The Soyuz rocket for the launch of the next ISS crew has been assembled at the Baikonur Cosmodrome on Monday and Tuesday to kick off the final days of preparations to set the stage for a Friday night liftoff.

Over the course of the last week, preparations for launch were in full swing at two different facilities – Site 254 where the Soyuz TMA-20M spacecraft finished processing and the MIK-112 Launcher Integration Facility where the Soyuz FG rocket was prepared.

Fully fueled, the Soyuz spacecraft returned to its processing facility last Wednesday and was attached to its payload adapter.



Photo: RSC Energia
Photo: RSC Energia
Photo: RSC Energia
Photo: RSC Energia

With the Soyuz placed in its test stand, engineers completed a final technical inspection and removed the last protective covers before the spacecraft was rolled to a horizontal position. The docking mechanism cover was removed and the launch shroud was carefully put in place around the vehicle. Once encapsulated, the Soyuz was raised to a vertical position again for the last visit by the three crew members who climbed through a hatch in the shroud to ingress their spacecraft for an inspection and to familiarize themselves with the cargo situation on board.

Soyuz TMA-20M was packed up on Monday and shipped to the MIK-112 facility to undergo integration with the Soyuz FG rocket. In the past weeks, the four 19.6-meter long boosters had been attached to the 27.8-meter long core stage, leaving only the third stage and Soyuz to be installed. Overall, Soyuz FG is 49.5 meters tall weighing 305,000 Kilograms at liftoff, capable of carrying more than seven metric tons into a Low Earth Orbit.

With the spacecraft arriving at the facility, teams installed the payload adapter on the third Stage of the Soyuz, also putting electrical and data connections in place. The next step was the installation of the Launch Escape Tower to structural interfaces at the top of the launch shroud and the system was connected to circuitry to be able to ignite its solid-fueled rockets in the event of a problem to safely pull the Soyuz away from the launcher.

Engineers then removed the protective plastic covers from the engine bells of the four-chamber RD-0110 main engine of the third stage before the stage was mated with the interstage truss section of the Core Stage of the Soyuz. As part of the integration, pyrotechnics were installed on the vehicle for all major separation events.

Photo: Gagarin Cosmonaut Training Center
Photo: Gagarin Cosmonaut Training Center

With Soyuz fully assembled and initial checkouts of the rocket providing good results, the Russian State Commission performed a clean review of the status of the launch vehicle and all launch preparations that had been ongoing at the pad and all other support facilities.

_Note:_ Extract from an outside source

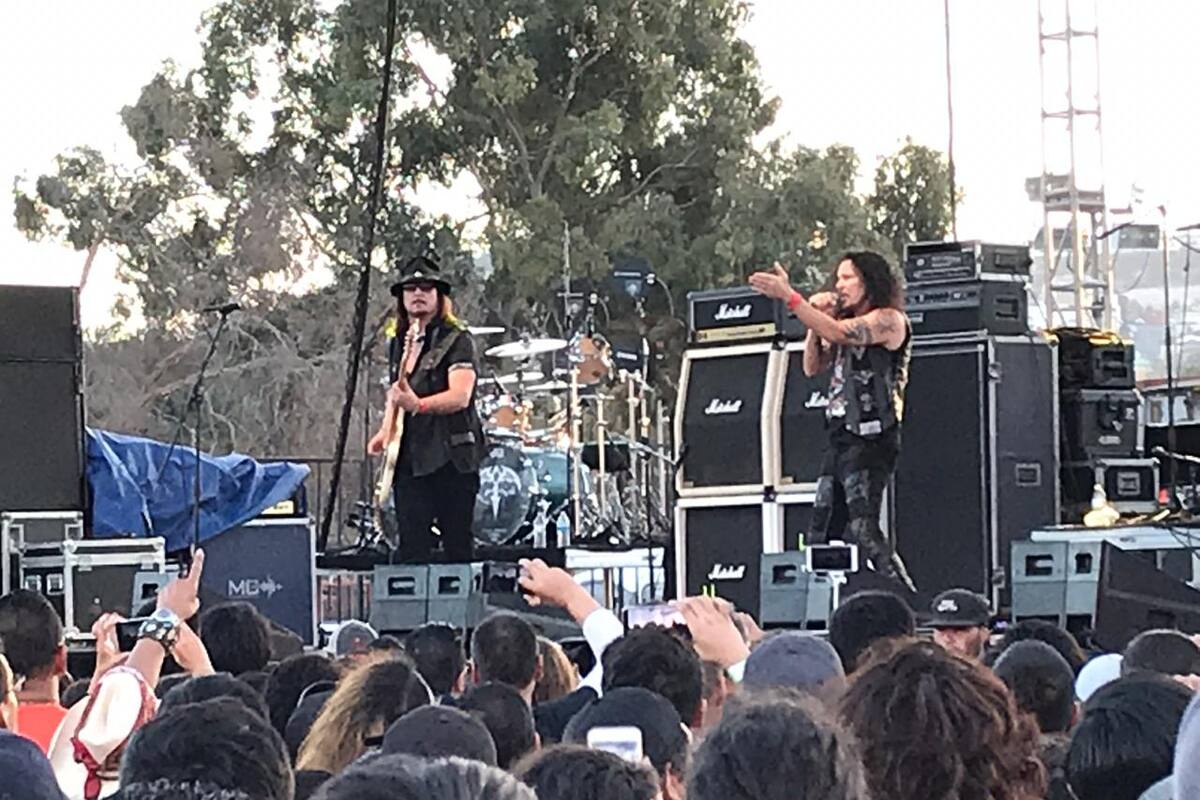 Quiet Riot se presenta en el Fronterizo Fest lll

With no show-stoppers identified, the State Commission cleared the rocket for its rollout in the early hours on Wednesday.

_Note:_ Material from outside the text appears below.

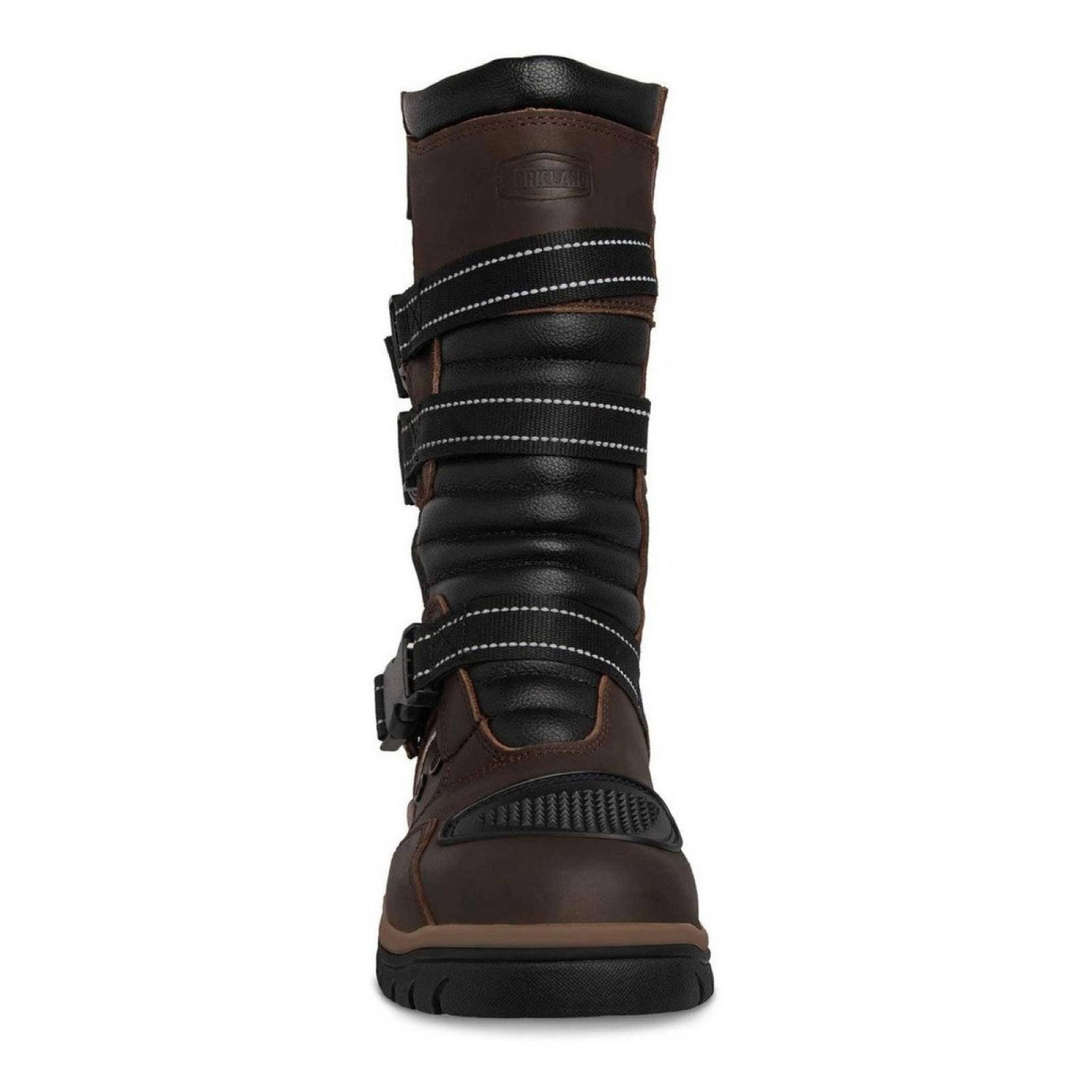 Botas Biker 10 Café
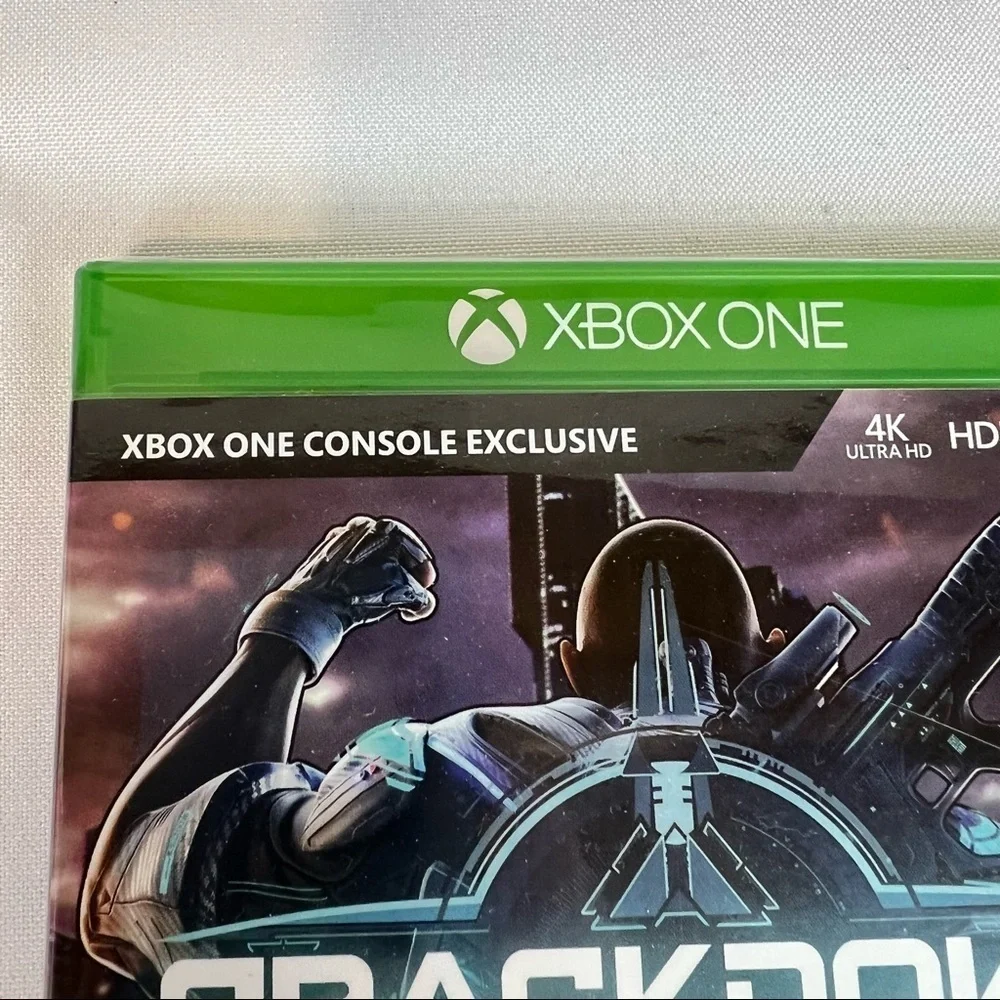 NEW Xbox One Crackdown 3 Video game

Soyuz TMA-20M is proceeding on schedule for liftoff on Friday at 21:26 UTC from Site 1/5 at the Baikonur Cosmodrome. The Soyuz FG rocket will give the spacecraft and its three crew members a nine-minute ride into a 200-Kilometer orbit from where the spacecraft will make its climb to link up with ISS. Using the four-orbit rendezvous profile, Soyuz is set for docking to the Poisk module at 3:12 UTC on Saturday to top up the Station crew at six for a busy two-and-a-half-month increment as part of Expedition 47.